Retyping should cover only the lines from the one containing "Invitación Baldosas azules" through the final line of the records, with pictures omitted.
─── Data
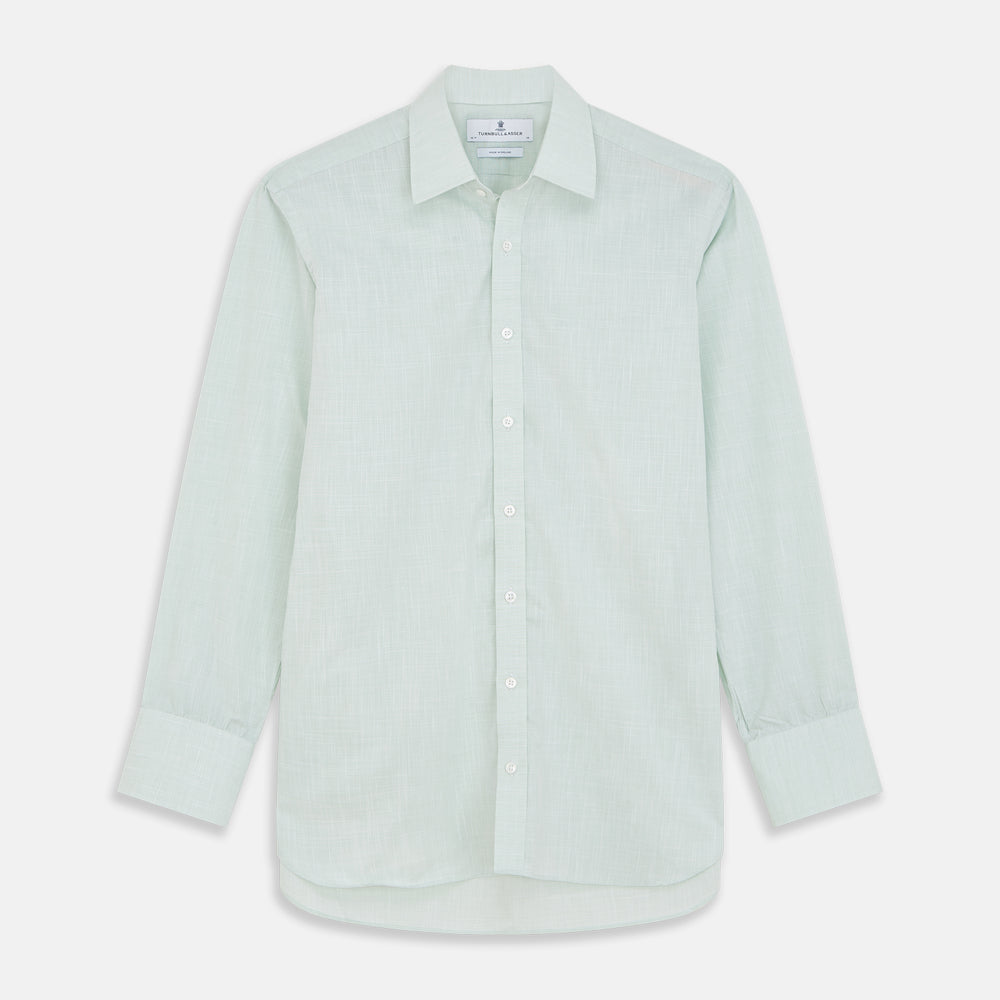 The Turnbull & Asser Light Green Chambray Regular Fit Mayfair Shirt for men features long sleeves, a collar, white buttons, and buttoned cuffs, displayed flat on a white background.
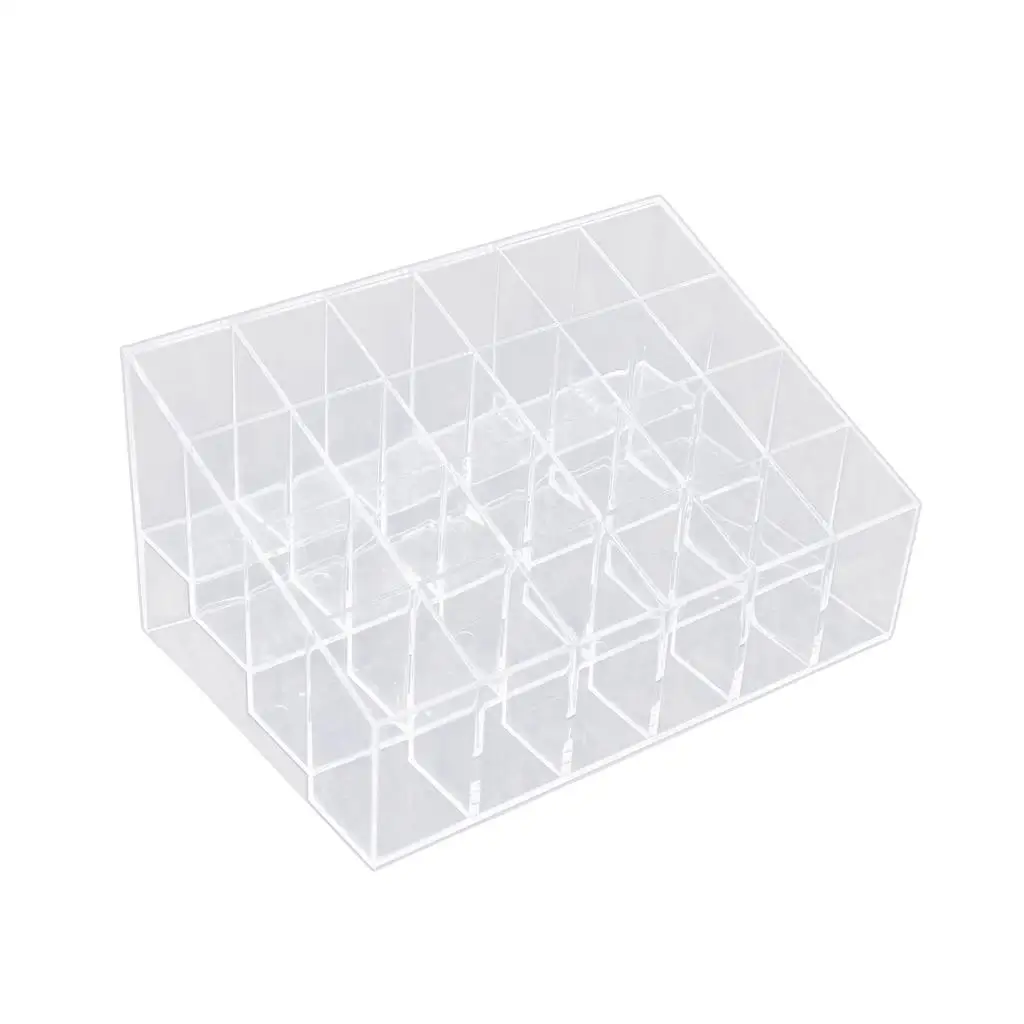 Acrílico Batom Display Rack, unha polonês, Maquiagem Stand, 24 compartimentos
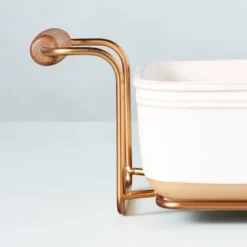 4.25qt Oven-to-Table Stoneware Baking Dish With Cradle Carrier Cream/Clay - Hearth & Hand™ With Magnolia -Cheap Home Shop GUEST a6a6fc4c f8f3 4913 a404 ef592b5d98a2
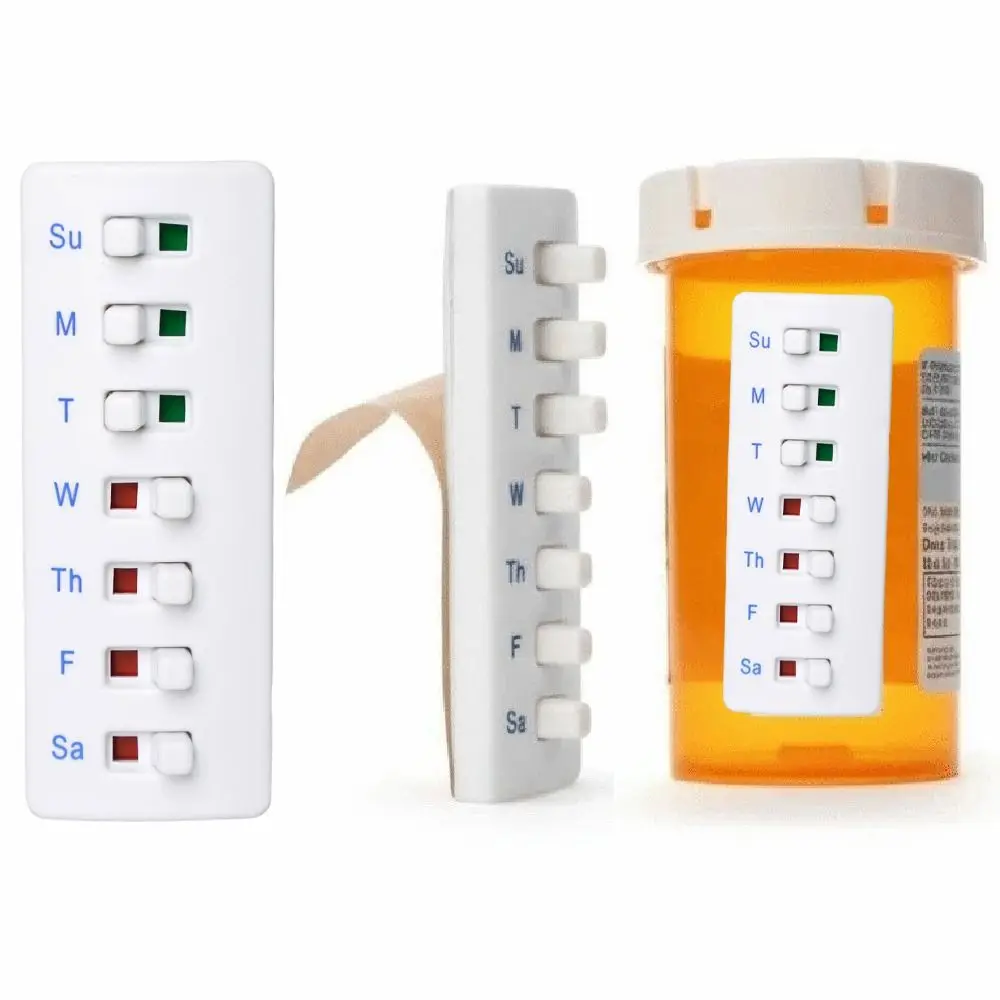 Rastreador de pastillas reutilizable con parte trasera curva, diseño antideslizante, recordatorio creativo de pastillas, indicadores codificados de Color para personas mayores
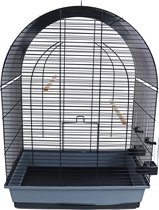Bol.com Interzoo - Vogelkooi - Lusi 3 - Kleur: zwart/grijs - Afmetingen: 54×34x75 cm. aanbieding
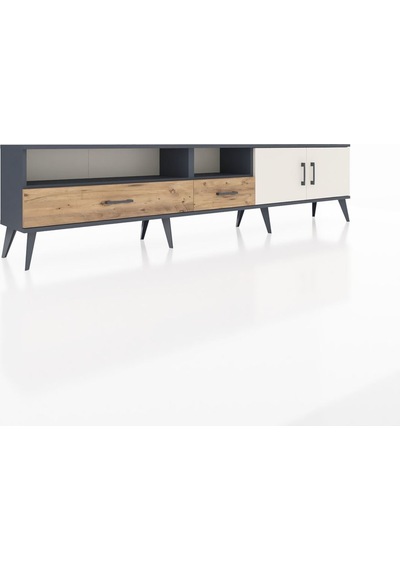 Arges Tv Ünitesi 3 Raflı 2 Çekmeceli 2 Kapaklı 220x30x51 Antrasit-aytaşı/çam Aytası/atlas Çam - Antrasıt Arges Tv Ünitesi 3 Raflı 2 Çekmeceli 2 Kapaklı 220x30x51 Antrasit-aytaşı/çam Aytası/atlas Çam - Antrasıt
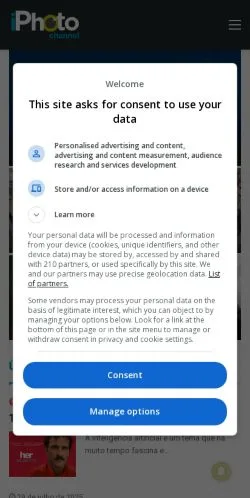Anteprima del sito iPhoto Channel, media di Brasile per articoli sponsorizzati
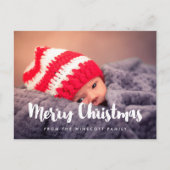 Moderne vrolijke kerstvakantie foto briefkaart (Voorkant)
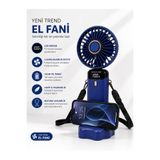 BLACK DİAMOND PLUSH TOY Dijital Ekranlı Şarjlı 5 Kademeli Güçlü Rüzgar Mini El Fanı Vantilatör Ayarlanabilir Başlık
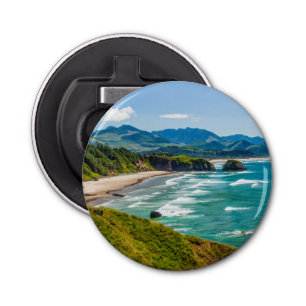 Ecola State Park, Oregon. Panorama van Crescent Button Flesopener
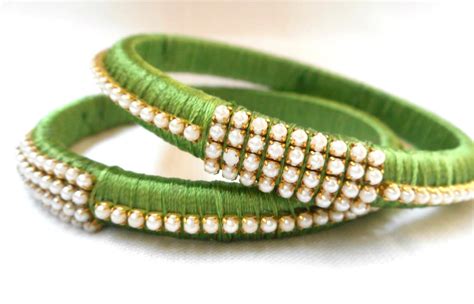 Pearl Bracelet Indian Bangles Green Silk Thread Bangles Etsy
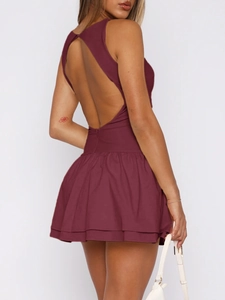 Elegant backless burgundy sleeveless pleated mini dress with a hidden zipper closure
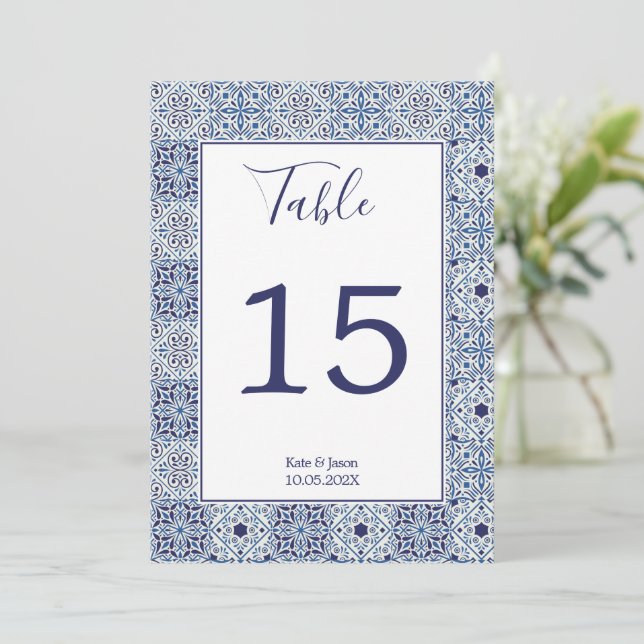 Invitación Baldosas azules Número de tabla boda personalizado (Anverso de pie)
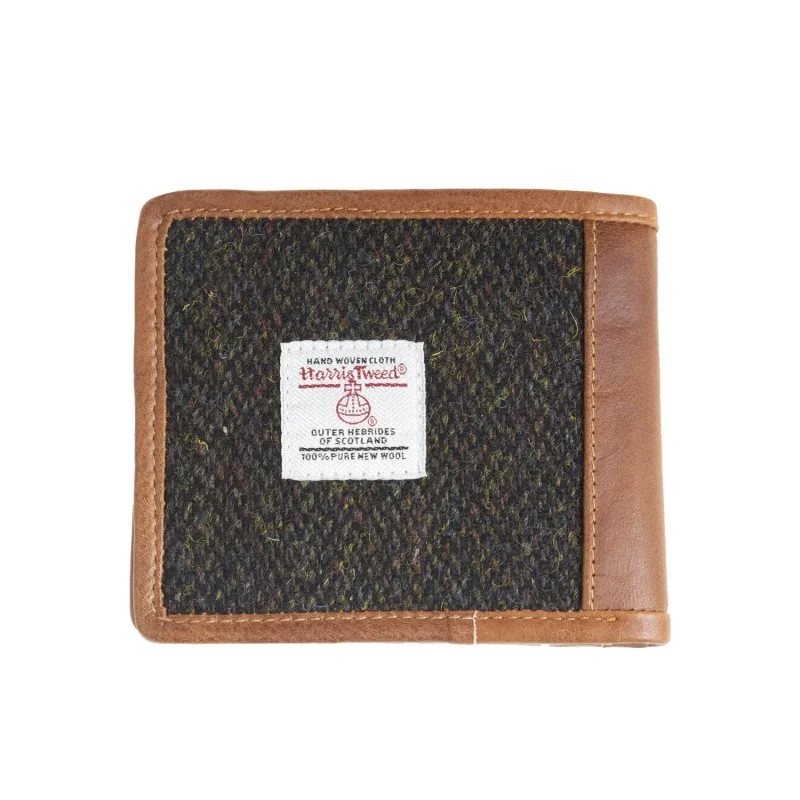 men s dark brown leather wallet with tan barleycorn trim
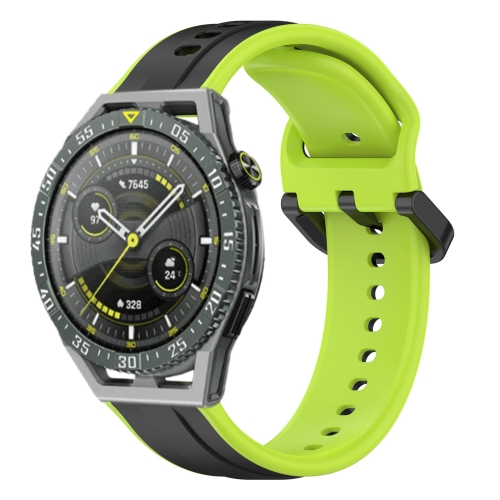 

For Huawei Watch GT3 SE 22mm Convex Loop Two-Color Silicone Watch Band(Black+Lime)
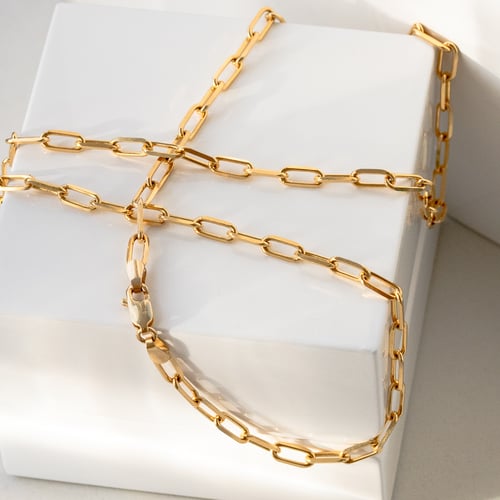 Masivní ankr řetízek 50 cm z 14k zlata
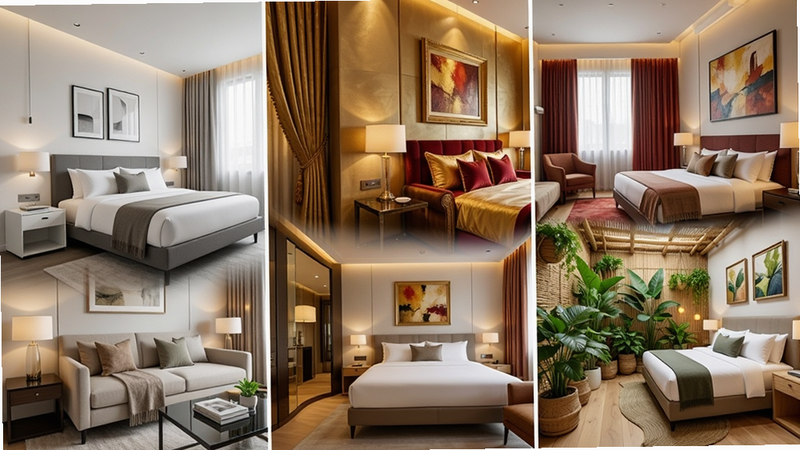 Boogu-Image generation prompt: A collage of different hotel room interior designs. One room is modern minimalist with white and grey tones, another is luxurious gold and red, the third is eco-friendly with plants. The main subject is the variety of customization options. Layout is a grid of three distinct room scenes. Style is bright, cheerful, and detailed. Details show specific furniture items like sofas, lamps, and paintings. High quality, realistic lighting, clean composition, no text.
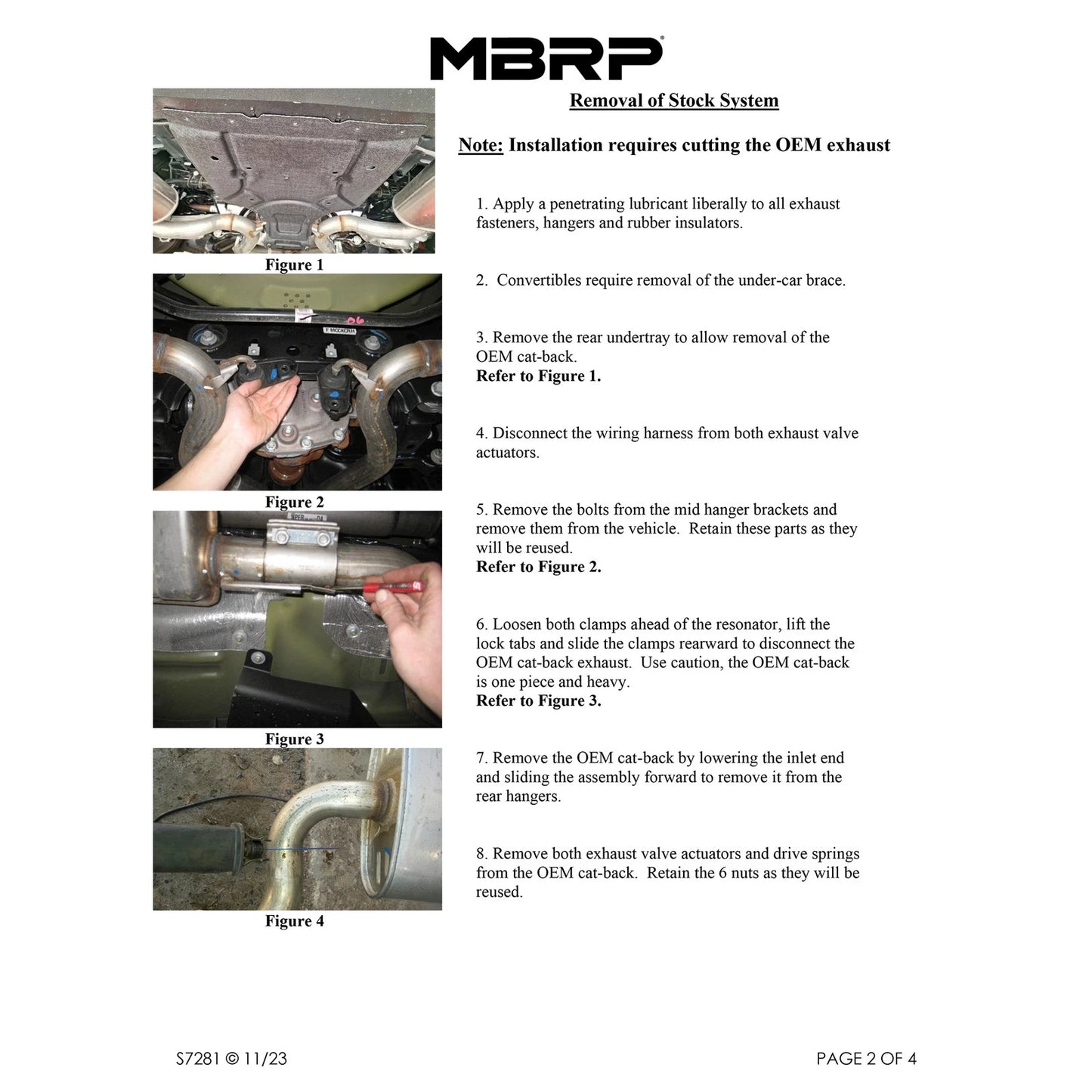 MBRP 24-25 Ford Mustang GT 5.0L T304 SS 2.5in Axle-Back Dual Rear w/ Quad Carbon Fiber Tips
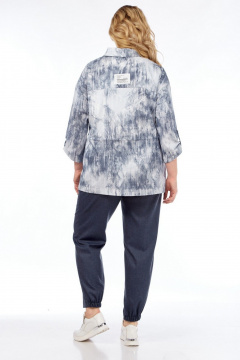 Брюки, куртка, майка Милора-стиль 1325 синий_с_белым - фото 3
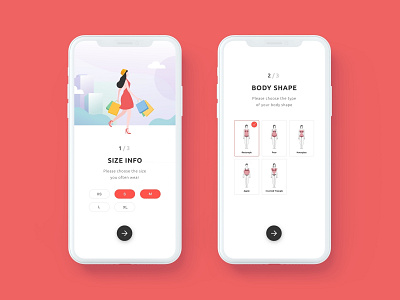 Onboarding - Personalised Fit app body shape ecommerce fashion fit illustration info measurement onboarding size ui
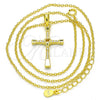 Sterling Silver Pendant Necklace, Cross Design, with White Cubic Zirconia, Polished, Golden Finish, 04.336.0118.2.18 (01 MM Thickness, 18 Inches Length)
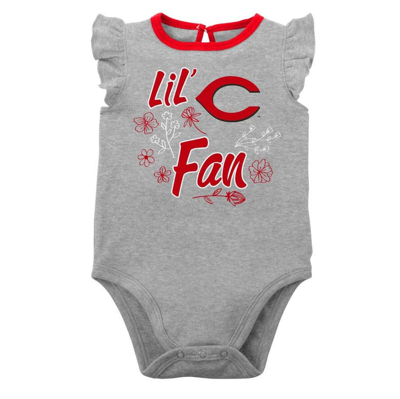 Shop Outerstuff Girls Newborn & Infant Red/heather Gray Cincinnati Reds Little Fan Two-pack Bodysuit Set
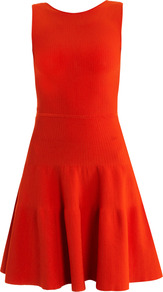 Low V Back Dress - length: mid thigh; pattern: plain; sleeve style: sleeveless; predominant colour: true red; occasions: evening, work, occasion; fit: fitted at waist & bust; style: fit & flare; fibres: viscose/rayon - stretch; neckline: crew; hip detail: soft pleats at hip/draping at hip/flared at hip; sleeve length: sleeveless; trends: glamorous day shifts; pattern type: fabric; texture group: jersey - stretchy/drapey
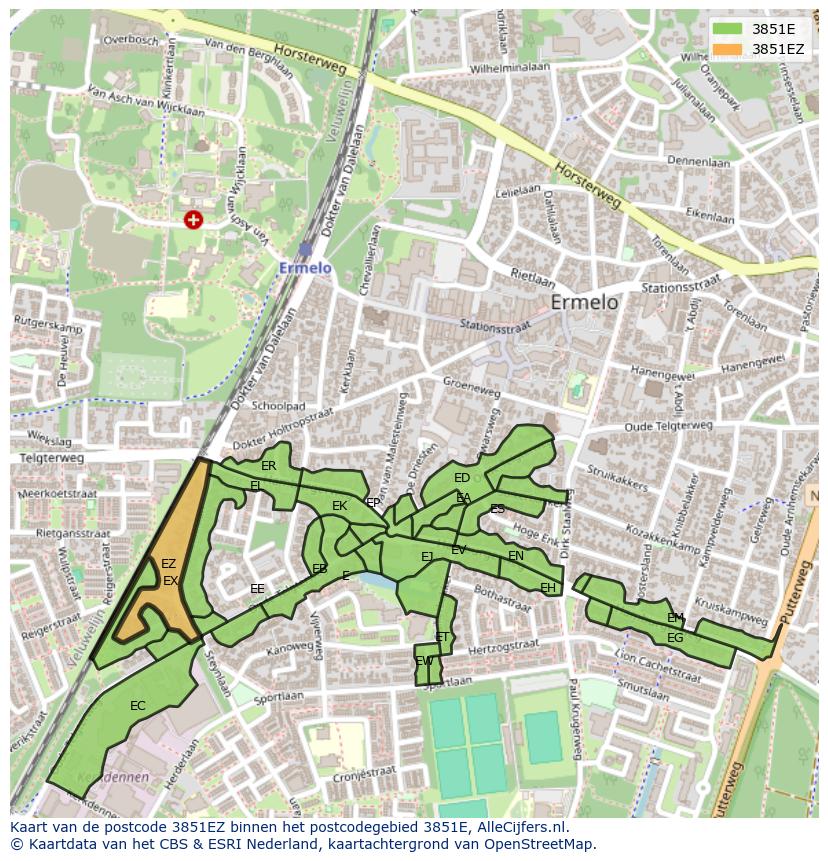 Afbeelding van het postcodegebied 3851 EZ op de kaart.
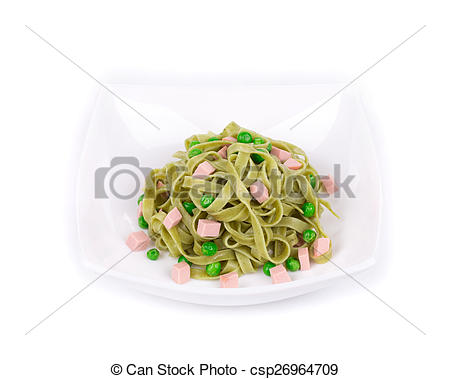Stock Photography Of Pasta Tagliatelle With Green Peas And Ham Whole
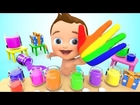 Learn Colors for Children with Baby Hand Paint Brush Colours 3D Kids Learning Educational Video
──────
**Task response:**
 Invitación Baldosas azules Número de tabla boda personalizado (Anverso de pie)
 men s dark brown leather wallet with tan barleycorn trim

For Huawei Watch GT3 SE 22mm Convex Loop Two-Color Silicone Watch Band(Black+Lime)
 Masivní ankr řetízek 50 cm z 14k zlata
 Boogu-Image generation prompt: A collage of different hotel room interior designs. One room is modern minimalist with white and grey tones, another is luxurious gold and red, the third is eco-friendly with plants. The main subject is the variety of customization options. Layout is a grid of three distinct room scenes. Style is bright, cheerful, and detailed. Details show specific furniture items like sofas, lamps, and paintings. High quality, realistic lighting, clean composition, no text.
 MBRP 24-25 Ford Mustang GT 5.0L T304 SS 2.5in Axle-Back Dual Rear w/ Quad Carbon Fiber Tips
 Брюки, куртка, майка Милора-стиль 1325 синий_с_белым - фото 3
 Onboarding - Personalised Fit app body shape ecommerce fashion fit illustration info measurement onboarding size ui
 Sterling Silver Pendant Necklace, Cross Design, with White Cubic Zirconia, Polished, Golden Finish, 04.336.0118.2.18 (01 MM Thickness, 18 Inches Length)
 Shop Outerstuff Girls Newborn & Infant Red/heather Gray Cincinnati Reds Little Fan Two-pack Bodysuit Set
 Low V Back Dress - length: mid thigh; pattern: plain; sleeve style: sleeveless; predominant colour: true red; occasions: evening, work, occasion; fit: fitted at waist & bust; style: fit & flare; fibres: viscose/rayon - stretch; neckline: crew; hip detail: soft pleats at hip/draping at hip/flared at hip; sleeve length: sleeveless; trends: glamorous day shifts; pattern type: fabric; texture group: jersey - stretchy/drapey
 Afbeelding van het postcodegebied 3851 EZ op de kaart.
Stock Photography Of Pasta Tagliatelle With Green Peas And Ham Whole
 Learn Colors for Children with Baby Hand Paint Brush Colours 3D Kids Learning Educational Video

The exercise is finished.